The justices, at their weekly conference in San Francisco, vote 5-0 to allow the opinion, by Justice Walter Croskey of this district’s Div. Five, to remain published in the official reports. Justices Marvin Baxter and Carol Corrigan were recused. a
The Court of Appeal panel held that a trial judge must determine whether a Wells Fargo manager took advantage of Ira and Ronnie Brown in order to get them to open a brokerage account with the bank. Ira Brown, now deceased, was a founder of the Sav-On drug chain.
Croskey agreed with Los Angeles Superior Court Judge John Shook that the parties had a fiduciary relationship. The case was sent back to the trial court so that the judge may “consider and rule upon the consequences of this conclusion.”
If the judge decides that there was fraud in the execution of the brokerage agreement, Croskey wrote, no part of that agreement, including the arbitration clause challenged by the plaintiff, can be enforced.
The lawsuit arises from a 2004 agreement that Ira Brown, then 93, and Ronnie Brown, then 81, signed with Wells Fargo. Ira Brown and a partner started Sav-On in San Bernardino in 1945, and by 2004 he had amassed more than 100,000 shares of the company’s stock, then valued at more than $1.8 million.
He was in failing health and legally blind at the time.
In late 2003 or early 2004, the bank—with which the Browns were already doing business—assigned the couple a “relationship manager,” Lisa Jill Tepper. Tepper began visiting the Browns every other week to help with their financial paperwork.
Tepper introduced the couple to an estate attorney and certified public accountant, and began advising them with respect to investments. She suggested to them that their then-current investments were inappropriate for persons their age, and urged them to open a brokerage account with Wells Fargo, introducing them to a stock broker who worked for the bank, Jack Harold Keleshian.
Following a meeting with Tepper and Keleshian, the Browns executed documents opening up several investment accounts with Wells Fargo. One of those accounts was for a new “Brown Family Trust,” and the supporting documents included an arbitration clause.
During the meeting, Tepper took possession of the Browns’ Sav-On stock certificates, later placing them in a Wells Fargo vault.
In May 2006, Ronnie Brown sued the bank, claiming that the previous September, while her husband was in hospice care and she was fatigued and mentally weary as a result of the burden of his care, she was pressured into selling nearly 75,000 shares of stock at $24.71 a share.

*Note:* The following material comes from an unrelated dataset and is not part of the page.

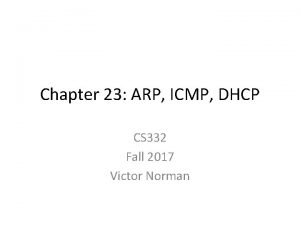 Chapter 23 ARP ICMP DHCP CS 332 Fall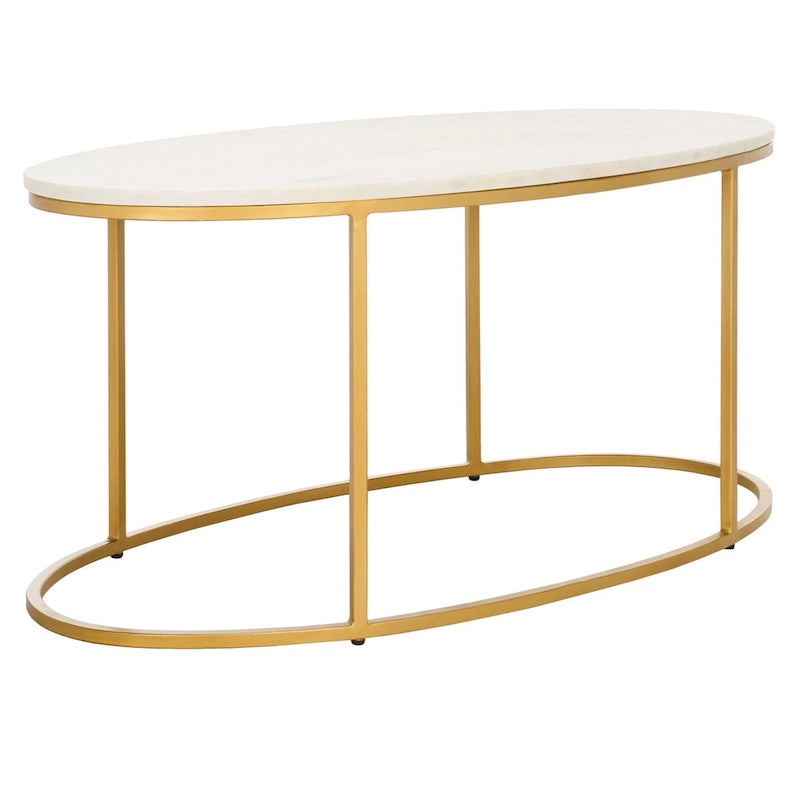 Tavolino da caffè Art Déco in marmo con cornice circolare aperta dorata, completamente assemblato, 99 cm L x 53 cm P x 46 cm A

Contrary to Keleshian’s advice that the stock’s value would drop to nothing if she did not sell immediately, the value subsequently rose, the complaint alleged.
Not only did she lose out on the subsequent increase in value, Brown alleged, she incurred significant capital gains taxes and thus suffered damages totaling more than $1 million, including Wells Fargo’s unjustified commission on the stock sale.
The bank moved to compel arbitration. Brown responded that the arbitration clause was unconscionable and that the bank breached its fiduciary duties.
Brown said she and her husband had become dependent on Tepper to handle their finances over a period of six months before the brokerage agreement was executed.
Following a hearing, Shook found that the arbitration agreement was “unfair and...procedurally unconscionable” but said the fraud issue was for a jury to decide. The bank, he said, should have done more to assist the couple in understanding the import of the documents they were signing.
But Croskey, writing for the Court of Appeal, said the arbitration agreement, a standard clause subjecting any dispute between the parties to resolution under the rules of the National Association of Securities Dealers, was not substantively unconscionable on its face.
“Without substantive unconscionability, procedural unconscionability is an insufficient basis on which to deny a motion to compel arbitration,” the justice added.
The trial judge, however, must decide the constructive fraud issue, Croskey went on to say, because it was raised by the petition to compel arbitration.
The case is Brown v. Wells Fargo Bank, NA, 168 Cal. App. 4th 938.